## Collected material
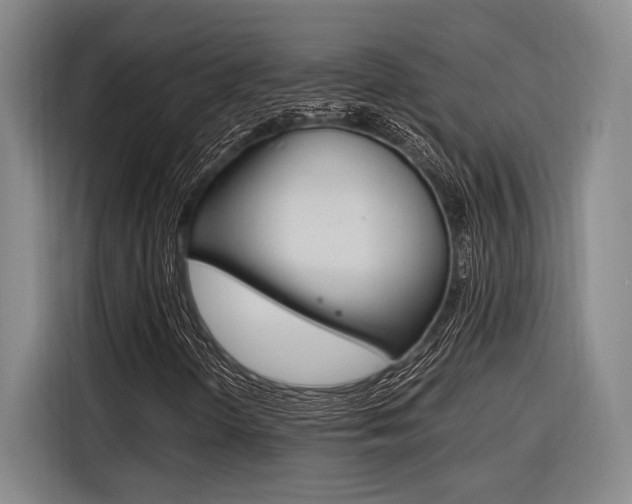 X0000116621298200912110933
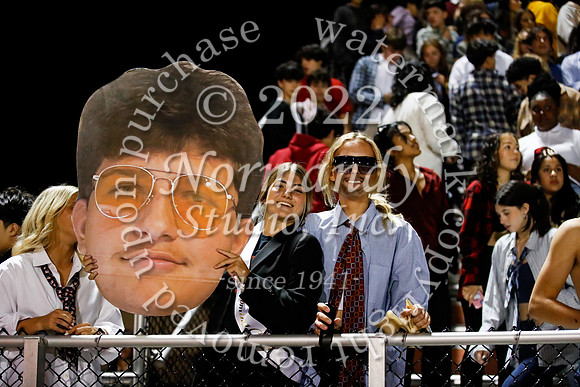SVL_fans_13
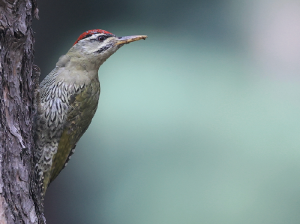 Scaly-bellied Woodpecker, 鳞腹绿啄木鸟, Picus squamatus-gallery-16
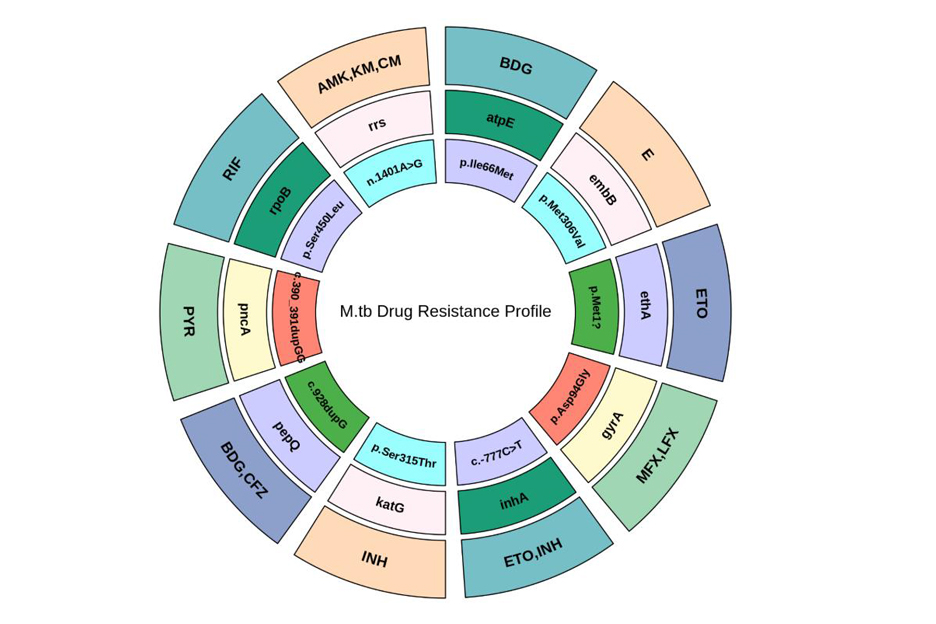 TB-Q Real Time PCR Kit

## Exercise prompt
With the pictures left out, give again exactly the lines from the one that contains "Scaly-bellied Woodpecker, 鳞腹绿啄木鸟, Picus" through the final line of the data above.

## Exercise solution
 Scaly-bellied Woodpecker, 鳞腹绿啄木鸟, Picus squamatus-gallery-16
 TB-Q Real Time PCR Kit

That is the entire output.